Thierry suspirou pesadamente, não escondendo sua frustração. Thierry repudiava ser o primeiro herdeiro e ter de contribuir com os negócios da família. A seu ver – e ao meu também – Sienna lidaria melhor com as questões diplomáticas.

Quer saber dos segredos dos senhores da casa? Consulte a criadagem.

Por fim, Thierry cedeu e voltou-se para mim ao levantar-se.

— Perdoe-me, Adele. Continuamos outro dia, sim?

Assenti com a cabeça e observei-o deixar o cômodo. Sei que eu poderia permanecer ali por anos a fio, e acumular raízes e teias de aranha. Desde que Thierry voltasse, teriam passado apenas segundos para mim.

 

Após oito anos no interminável ciclo de lavar-secar-passar-dobrar-guardar/estender, tinha (e ainda tenho) calos nas mãos e incontáveis queimaduras nos dedos e braços do ferro de passar. Meus braços, antes delicados e esguios, agora encontravam-se cheios de músculos de acionar a alavanca da máquina de espremer roupas. Enxuguei o suor do rosto ao observar os pesados vestidos de inverno de Melina e as roupas sujas de lama de Ettore.

Eu sabia de cor e salteado como seria meu dia.
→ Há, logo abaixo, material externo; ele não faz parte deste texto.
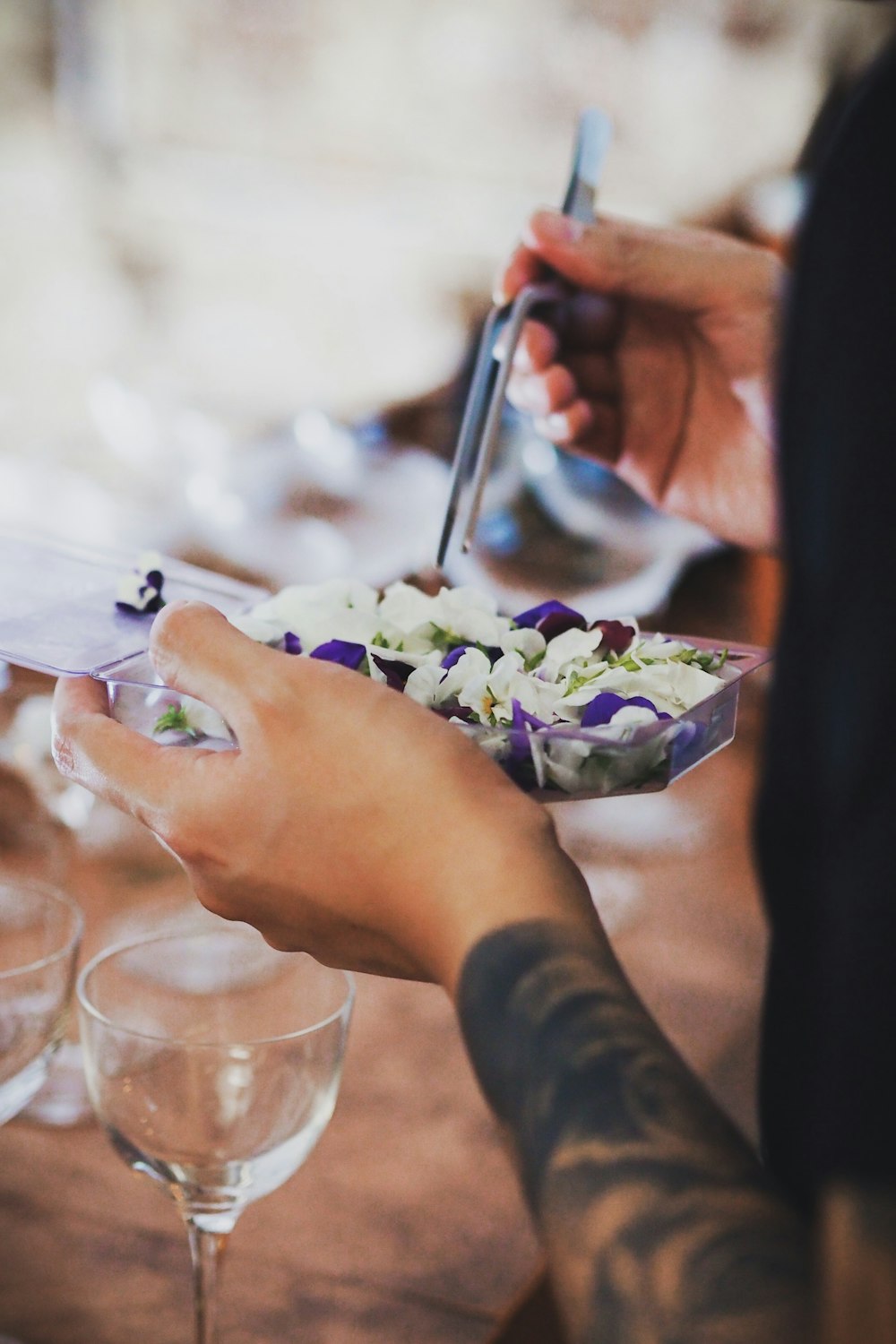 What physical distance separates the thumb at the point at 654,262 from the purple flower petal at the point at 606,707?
0.47 m

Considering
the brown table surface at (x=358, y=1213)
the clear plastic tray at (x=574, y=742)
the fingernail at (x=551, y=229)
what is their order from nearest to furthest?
1. the clear plastic tray at (x=574, y=742)
2. the brown table surface at (x=358, y=1213)
3. the fingernail at (x=551, y=229)

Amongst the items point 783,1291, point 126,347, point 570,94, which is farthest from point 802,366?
point 126,347

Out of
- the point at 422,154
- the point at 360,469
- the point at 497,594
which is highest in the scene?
the point at 422,154

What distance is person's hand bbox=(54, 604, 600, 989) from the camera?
0.46 metres

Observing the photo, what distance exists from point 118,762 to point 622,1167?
313 mm

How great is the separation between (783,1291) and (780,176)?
4.71 feet

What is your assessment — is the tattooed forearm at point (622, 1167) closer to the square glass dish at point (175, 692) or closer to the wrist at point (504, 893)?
the wrist at point (504, 893)

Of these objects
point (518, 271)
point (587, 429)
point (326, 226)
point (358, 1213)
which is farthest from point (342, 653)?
point (326, 226)

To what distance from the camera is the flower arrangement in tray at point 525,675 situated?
55 cm

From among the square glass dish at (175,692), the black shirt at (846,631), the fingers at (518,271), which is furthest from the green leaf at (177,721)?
the fingers at (518,271)

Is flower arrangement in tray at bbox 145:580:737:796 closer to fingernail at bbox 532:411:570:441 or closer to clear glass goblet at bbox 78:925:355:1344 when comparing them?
clear glass goblet at bbox 78:925:355:1344

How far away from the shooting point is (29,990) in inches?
24.1

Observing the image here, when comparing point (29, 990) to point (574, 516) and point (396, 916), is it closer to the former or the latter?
point (396, 916)

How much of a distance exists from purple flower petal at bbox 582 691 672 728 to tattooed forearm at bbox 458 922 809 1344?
0.16 metres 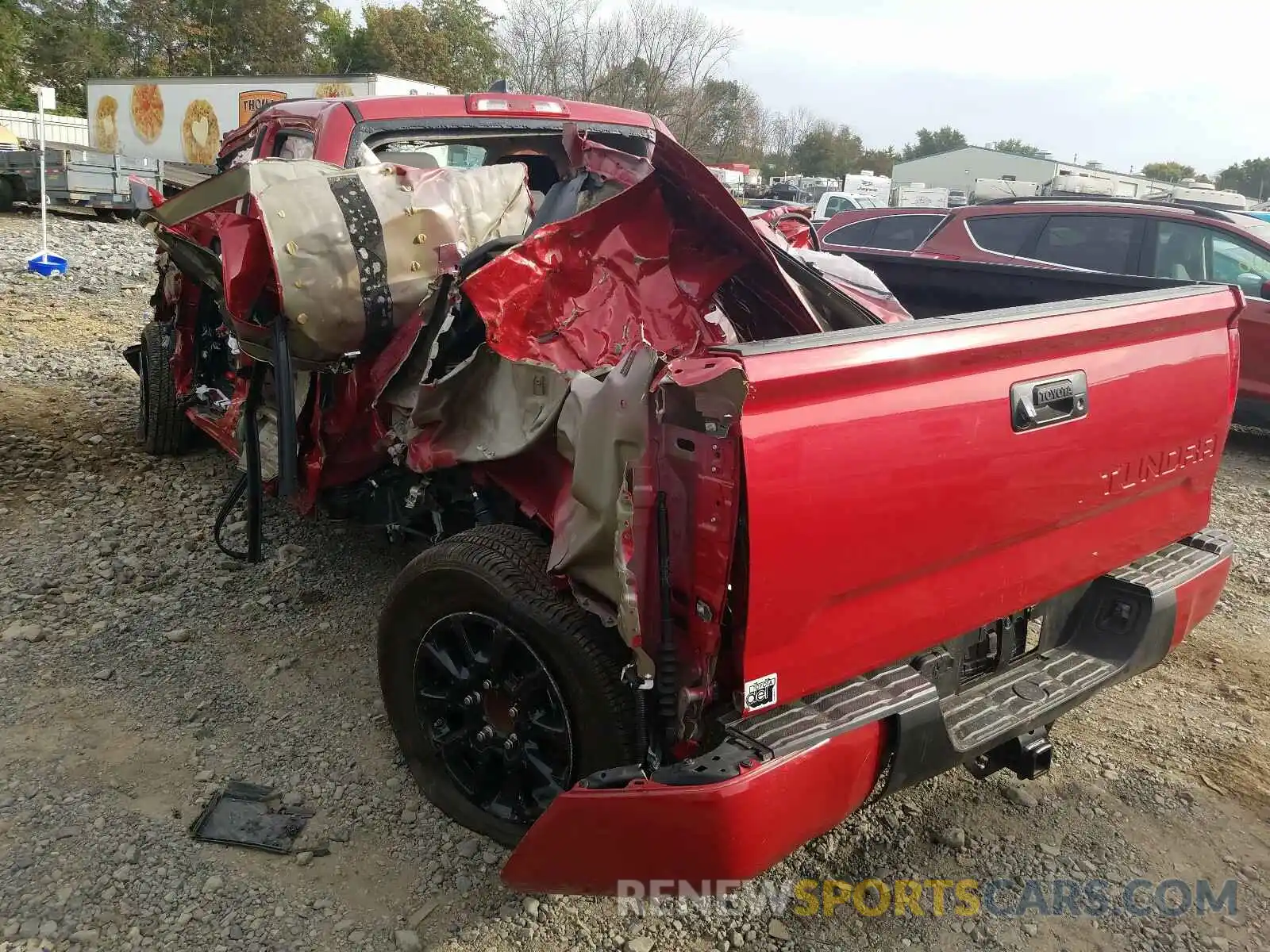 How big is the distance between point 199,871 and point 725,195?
242cm

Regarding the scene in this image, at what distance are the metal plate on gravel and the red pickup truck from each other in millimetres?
419

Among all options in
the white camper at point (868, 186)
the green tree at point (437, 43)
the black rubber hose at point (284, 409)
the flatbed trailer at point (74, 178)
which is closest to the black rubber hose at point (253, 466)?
the black rubber hose at point (284, 409)

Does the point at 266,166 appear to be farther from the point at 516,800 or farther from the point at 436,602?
the point at 516,800

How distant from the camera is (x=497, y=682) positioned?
248cm

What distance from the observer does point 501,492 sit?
9.14 ft

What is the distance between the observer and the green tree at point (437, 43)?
42.1 meters

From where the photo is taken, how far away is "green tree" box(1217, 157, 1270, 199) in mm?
65312

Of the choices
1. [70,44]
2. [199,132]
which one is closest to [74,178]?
[199,132]

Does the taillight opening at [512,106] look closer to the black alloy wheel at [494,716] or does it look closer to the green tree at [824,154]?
the black alloy wheel at [494,716]

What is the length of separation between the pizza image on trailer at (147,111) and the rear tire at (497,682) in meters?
32.3

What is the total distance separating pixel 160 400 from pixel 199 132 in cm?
2650

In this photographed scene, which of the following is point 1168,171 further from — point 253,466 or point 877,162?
point 253,466

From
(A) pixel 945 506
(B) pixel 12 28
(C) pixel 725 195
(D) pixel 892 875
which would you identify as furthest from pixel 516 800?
(B) pixel 12 28

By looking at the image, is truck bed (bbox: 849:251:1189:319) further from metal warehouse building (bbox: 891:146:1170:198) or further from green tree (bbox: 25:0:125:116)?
green tree (bbox: 25:0:125:116) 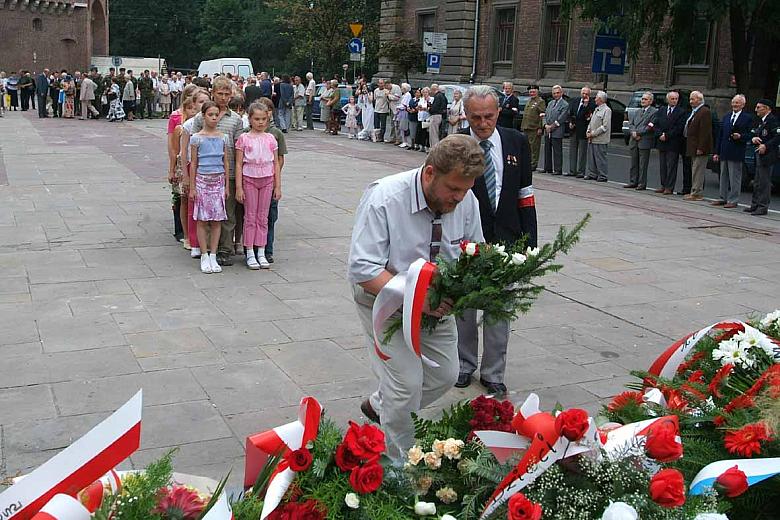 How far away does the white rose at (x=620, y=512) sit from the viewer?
253cm

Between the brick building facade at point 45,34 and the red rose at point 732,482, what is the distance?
5949 centimetres

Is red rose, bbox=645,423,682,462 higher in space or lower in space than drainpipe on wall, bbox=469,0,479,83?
lower

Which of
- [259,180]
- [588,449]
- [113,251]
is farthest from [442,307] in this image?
[113,251]

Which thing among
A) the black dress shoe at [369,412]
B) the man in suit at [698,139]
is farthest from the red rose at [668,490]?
the man in suit at [698,139]

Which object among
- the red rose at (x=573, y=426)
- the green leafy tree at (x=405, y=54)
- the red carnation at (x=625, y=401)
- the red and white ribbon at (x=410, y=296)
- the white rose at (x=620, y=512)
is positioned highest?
the green leafy tree at (x=405, y=54)

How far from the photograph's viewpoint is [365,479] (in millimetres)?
2730

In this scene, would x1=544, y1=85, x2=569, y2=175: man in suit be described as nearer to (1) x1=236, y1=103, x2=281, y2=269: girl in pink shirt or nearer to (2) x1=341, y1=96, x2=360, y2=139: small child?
(2) x1=341, y1=96, x2=360, y2=139: small child

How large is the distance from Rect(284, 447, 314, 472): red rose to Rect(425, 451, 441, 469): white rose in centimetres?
42

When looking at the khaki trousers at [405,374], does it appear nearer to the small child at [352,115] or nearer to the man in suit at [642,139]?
the man in suit at [642,139]

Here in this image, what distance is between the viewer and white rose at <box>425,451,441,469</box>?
297 cm

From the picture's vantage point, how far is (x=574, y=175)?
18.7 m

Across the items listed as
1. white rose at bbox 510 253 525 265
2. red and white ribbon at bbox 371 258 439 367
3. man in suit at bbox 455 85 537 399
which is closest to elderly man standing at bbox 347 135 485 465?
red and white ribbon at bbox 371 258 439 367

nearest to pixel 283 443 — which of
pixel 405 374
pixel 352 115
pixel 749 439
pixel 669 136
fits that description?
pixel 405 374

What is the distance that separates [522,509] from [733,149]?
13.1 m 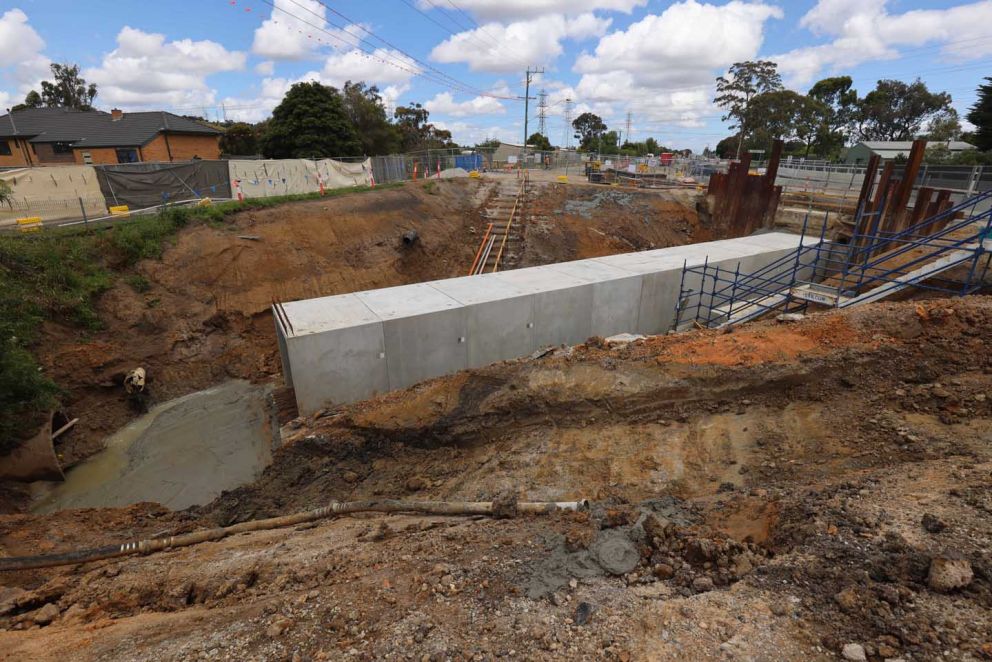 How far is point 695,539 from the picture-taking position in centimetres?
452

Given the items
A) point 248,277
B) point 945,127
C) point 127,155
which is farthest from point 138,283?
point 945,127

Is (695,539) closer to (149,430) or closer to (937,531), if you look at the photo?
(937,531)

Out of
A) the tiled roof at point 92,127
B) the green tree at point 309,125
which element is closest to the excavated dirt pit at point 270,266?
the green tree at point 309,125

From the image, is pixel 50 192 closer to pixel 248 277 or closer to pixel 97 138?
pixel 248 277

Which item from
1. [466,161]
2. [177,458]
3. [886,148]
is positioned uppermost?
[886,148]

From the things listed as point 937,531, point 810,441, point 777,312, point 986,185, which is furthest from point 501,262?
point 986,185

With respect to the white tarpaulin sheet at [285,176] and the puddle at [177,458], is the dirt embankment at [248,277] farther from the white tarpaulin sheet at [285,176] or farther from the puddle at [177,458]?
the white tarpaulin sheet at [285,176]

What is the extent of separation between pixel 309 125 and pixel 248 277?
842 inches

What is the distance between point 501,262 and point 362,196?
6478mm

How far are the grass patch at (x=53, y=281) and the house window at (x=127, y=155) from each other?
19411 mm

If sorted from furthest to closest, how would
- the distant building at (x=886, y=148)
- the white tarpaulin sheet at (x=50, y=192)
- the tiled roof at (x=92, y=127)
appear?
the distant building at (x=886, y=148) < the tiled roof at (x=92, y=127) < the white tarpaulin sheet at (x=50, y=192)

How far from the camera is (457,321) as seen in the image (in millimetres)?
10562

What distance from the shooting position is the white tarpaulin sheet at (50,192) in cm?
1561

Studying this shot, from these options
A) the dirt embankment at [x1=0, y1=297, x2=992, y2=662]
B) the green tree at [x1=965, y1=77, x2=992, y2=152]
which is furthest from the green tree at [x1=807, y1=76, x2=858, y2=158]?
the dirt embankment at [x1=0, y1=297, x2=992, y2=662] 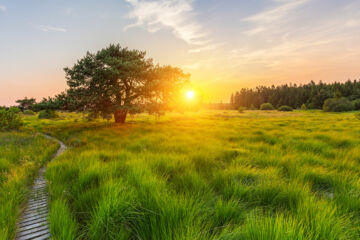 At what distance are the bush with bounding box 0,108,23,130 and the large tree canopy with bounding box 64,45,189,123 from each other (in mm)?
7440

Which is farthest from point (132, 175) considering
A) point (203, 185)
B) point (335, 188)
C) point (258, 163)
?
point (335, 188)

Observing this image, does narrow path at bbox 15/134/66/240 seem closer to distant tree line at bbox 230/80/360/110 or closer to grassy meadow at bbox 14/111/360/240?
grassy meadow at bbox 14/111/360/240

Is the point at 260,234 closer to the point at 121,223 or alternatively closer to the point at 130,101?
the point at 121,223

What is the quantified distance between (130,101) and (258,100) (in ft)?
381

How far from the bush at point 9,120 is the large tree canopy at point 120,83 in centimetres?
744

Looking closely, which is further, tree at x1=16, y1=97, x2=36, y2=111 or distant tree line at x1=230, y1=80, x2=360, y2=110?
distant tree line at x1=230, y1=80, x2=360, y2=110

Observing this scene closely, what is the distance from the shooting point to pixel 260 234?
1.57 m

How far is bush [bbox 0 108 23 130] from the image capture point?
50.0 feet

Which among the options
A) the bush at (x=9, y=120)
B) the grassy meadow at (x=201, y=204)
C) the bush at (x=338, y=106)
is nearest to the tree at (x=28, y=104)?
the bush at (x=9, y=120)

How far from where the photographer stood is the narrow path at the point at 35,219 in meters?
2.21

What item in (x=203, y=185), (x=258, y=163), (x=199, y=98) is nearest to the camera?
(x=203, y=185)

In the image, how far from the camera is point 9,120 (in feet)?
52.2

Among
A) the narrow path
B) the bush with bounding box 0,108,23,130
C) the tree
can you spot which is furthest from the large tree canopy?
the narrow path

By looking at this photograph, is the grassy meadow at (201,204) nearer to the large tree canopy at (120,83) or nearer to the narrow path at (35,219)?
the narrow path at (35,219) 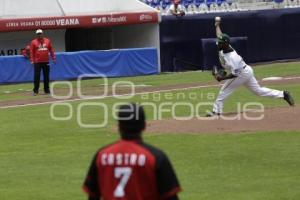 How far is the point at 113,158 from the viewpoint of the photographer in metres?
5.14

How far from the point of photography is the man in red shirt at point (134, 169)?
200 inches

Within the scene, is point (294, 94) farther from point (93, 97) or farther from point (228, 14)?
point (228, 14)

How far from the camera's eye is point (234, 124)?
15.5 m

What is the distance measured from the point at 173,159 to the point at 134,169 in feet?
23.6

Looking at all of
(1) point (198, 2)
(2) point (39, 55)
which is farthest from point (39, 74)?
(1) point (198, 2)

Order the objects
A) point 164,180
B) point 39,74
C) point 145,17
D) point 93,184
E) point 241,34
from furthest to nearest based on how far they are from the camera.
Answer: point 241,34, point 145,17, point 39,74, point 93,184, point 164,180

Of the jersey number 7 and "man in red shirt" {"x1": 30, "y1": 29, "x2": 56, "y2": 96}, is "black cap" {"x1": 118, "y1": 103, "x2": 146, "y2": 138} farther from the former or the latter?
"man in red shirt" {"x1": 30, "y1": 29, "x2": 56, "y2": 96}

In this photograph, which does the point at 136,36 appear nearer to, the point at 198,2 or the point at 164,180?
the point at 198,2

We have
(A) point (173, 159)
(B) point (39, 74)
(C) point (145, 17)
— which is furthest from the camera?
(C) point (145, 17)

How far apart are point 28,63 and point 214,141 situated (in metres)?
16.9

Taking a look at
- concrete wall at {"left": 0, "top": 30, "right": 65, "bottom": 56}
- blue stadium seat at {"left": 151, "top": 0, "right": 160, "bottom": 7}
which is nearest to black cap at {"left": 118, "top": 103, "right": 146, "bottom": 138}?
concrete wall at {"left": 0, "top": 30, "right": 65, "bottom": 56}

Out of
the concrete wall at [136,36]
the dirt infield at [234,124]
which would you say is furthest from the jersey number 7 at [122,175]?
the concrete wall at [136,36]

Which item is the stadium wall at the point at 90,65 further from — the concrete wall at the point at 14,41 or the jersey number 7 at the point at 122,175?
the jersey number 7 at the point at 122,175

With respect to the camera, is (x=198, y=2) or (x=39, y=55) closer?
(x=39, y=55) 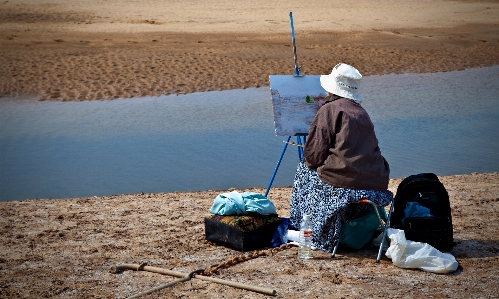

Lorde Victor acordaria cedo, tomaria um dos cavalos – muito provavelmente Coronel – para ir ao escritório comercial de Languedoc-Roussilon, eu acordaria com o cheiro do café-da-manhã generoso de Melina antes de Lorde Victor partir. E então recolheria as roupas sujas – estes dois meses, deixaria de lado meu trabalho extra como dama de companhia – e lavaria-secaria-passaria-dobraria-guardaria/estenderia. Minhas recompensas eram os jardins, os cozidos de Melina, as notícias diárias lidas por Thierry e as piadas de Ettore durante o jantar. Subiríamos para nossos quartos (em meu caso e de Melina) ou voltaríamos para nossas esposas e lares (no caso de Remy, Ettore e Bertoli) e esperaríamos pelo próximo raiar de sol.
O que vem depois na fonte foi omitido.